The Final Destination
This is the best Death could give in 3D?
This is the best Death could give in 3D?
Before I begin my official review, allow me to talk about the title for the fourth entry in the Final Destination series. Remember the back in the 80s when the Friday the 13th series was going strong and Paramount decided to end the series on the fourth entry that was subtitled The Final Chapter (see the parallels already?)? Yeah, well it is over twenty years since then and Friday the 13th already has a reboot that happens to be the twelfth chapter. So much for finality, because in Hollywood money talks. It also just so happens that The Final Destination opened in first place during its first weekend, beating out Halloween 2 and Taking Woodstock. So the question is, is this really the last one? After what I just saw, I hope so.
Plot Synopsis: Nick and his friends Lori, Hunt, and Janet decide to go watch a stock car race one day. Well, mainly it’s Hunt, but that is only because of the possibility that he might see some spectacular crash and be entertained. Conveniently, Nick soon has a premonition of a crash that eventually comes in their direction. The car kills pretty much everybody in the section, but just as Nick meets his end, the premonition ends. What really gets Nick paranoid though is that the chain of events begins once again in reality. Eventually, Nick gets his friends and a few others to leave the track after a fight ensues. But when they all get outside, the crash occurs just as Nick said it would. The group thinks that they have dodged the bullet for now, but when the other survivors begin to die in mysterious and bizarre ways, Nick believes that they are next in the chain.

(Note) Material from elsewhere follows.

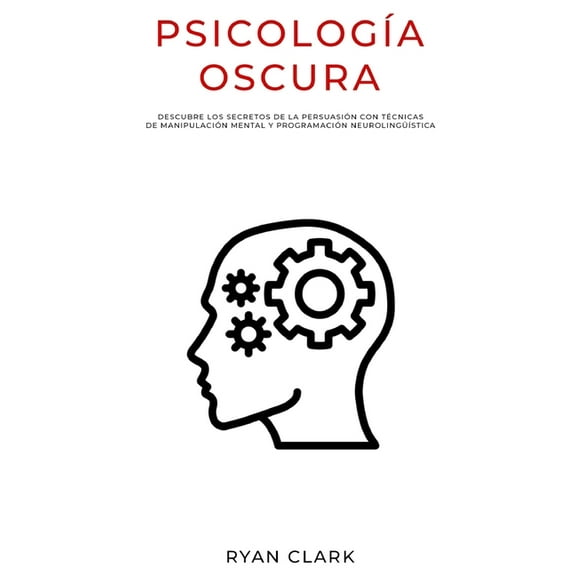 PsicologÃ­a Oscura: Descubre Los Secretos de la PersuasiÃ³n con TÃ©cnicas de ManipulaciÃ³n Mental y ProgramaciÃ³n NeurolingÃ¼Ã­, (Paperback)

If you have seen a Final Destination movie before, then you know the deal. Writer Eric Bress wisely chucks out the explanations behind Death’s grand design and cuts straight to the chase, making for a fast paced thriller not bogged down by redundant exposition. The bloody kills come at a nonstop clip, and there is never a dull moment. Here is the problem though; I didn’t care one iota as to what would happen next. Now to call horror characters flat is like saying junk food is bad for you, but I want at least some kind of differentiation between them, no matter how minimal the character development is. The first Final Destination and even the third one to a certain extent (I haven’t seen the second), took at least a little breather here and there to lay the basic foundations for the characters and who they are. Here, we quickly meet the four leads, get their names, and then the premonitions begin. No investment, no reason to care, just bang, boom, splat, and then done. The actors don’t improve matters much either. The two girls in the group are interchangeable, and Bobby Campo (Nick) makes for a boring protagonist. Only Nick Zano makes any kind of impression as Hunt, the stereotypical asshole. When the security guard is more developed than your leads, you’ve got a problem.

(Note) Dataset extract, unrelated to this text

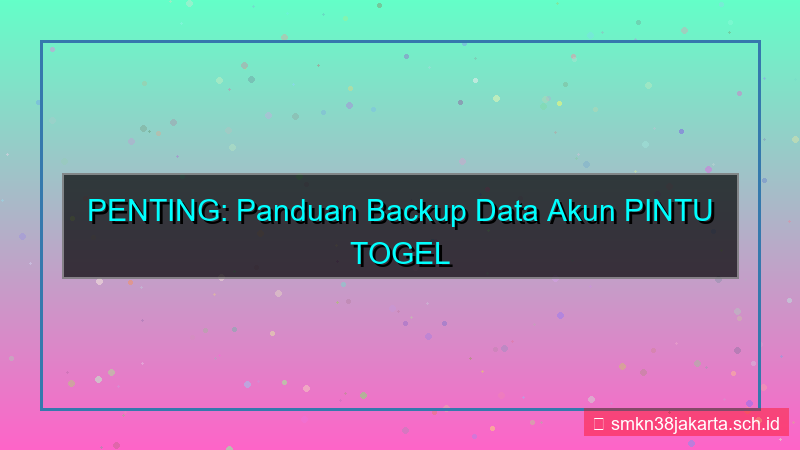 tampilan PINTU TOGEL backup data akun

Returning from his directing gig on Final Destination 2 is David R. Ellis, who at least has experience with the series and its machinations. Despite this, Ellis appears to be going on auto-pilot here. Many of the kill sequences seem uninspired and tiring, such as one instance where they repeat one of the more memorable deaths from the original. It also doesn’t help that some of them are laughably cheesy, and not intentionally cheesy either. Something that intrigued me when this entry was announced was that many of the scenes would be shot in 3D, since 3D and Final Destination seem to go hand and hand. But this turns out to be a disappointment, as many of these effects are cartoonish and of the “throw objects at the screen” variety. Some of the effects like the flying race cars stand out as strong uses of the format, but most of the 3D is a wasted opportunity. One thing Ellis doesn’t skimp on though is the blood and guts. With the exception of some moments of CGI gore, there are some pretty nasty bits that had me cheering (love the tire kill). Actually the best moments come during the opening and closing credits, which inject some originality into the events by showing the kills in an X-ray overall. It sounds stupid on paper, but the end result turns out better than expected.
Judging by the title and quality of the final product, one would hope that the series could just stay dormant for a while and take a rest so the filmmakers could come up with some creative ideas. How about a reboot? I’m just kidding about that.